Adrian Lockheart is a British psychologist working in Freetown, the capital city of Sierra Leone. For ten years the country has been torn apart by civil war and a large percentage of the population have been left suffering from post-traumatic stress disorder. Adrian’s job is to help people cope in the aftermath of the war. One man, who set fire to people’s houses during the war is now haunted by the smell of burning meat. Another woman is showing symptoms of fugue – a rare condition which occasionally causes her to disappear from her everyday life and turn up in another place miles away from her home. But Elias Cole is the patient Adrian spends the longest with and who intrigues him more than any of the others.

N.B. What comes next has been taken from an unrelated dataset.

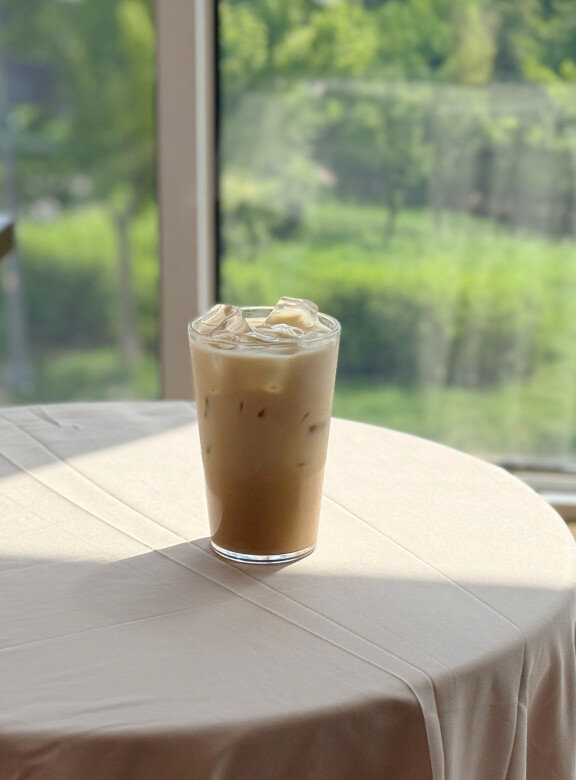 조윤희커피하우스의 시그니처 메뉴인 ‘바닐라빈라떼’. 우유자조금관리위원회 제공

Elias Cole is an elderly retired professor who is dying of lung disease and he relates to Adrian his memories of the woman he once loved: her name was Saffia and she was married to a fellow academic, Julius Kamara. As Adrian learns more about Elias and his relationships with both Saffia and Julius during the period of political unrest in the late 1960s, it becomes clear that Elias’s story may have an effect on Adrian’s own life. We also meet Kai Mansaray, a young surgeon at the hospital where Adrian works, who has been left traumatised by the war and is suffering from insomnia and recurrent nightmares. He and Adrian become friends but their friendship comes with its own set of obstacles that need to be overcome.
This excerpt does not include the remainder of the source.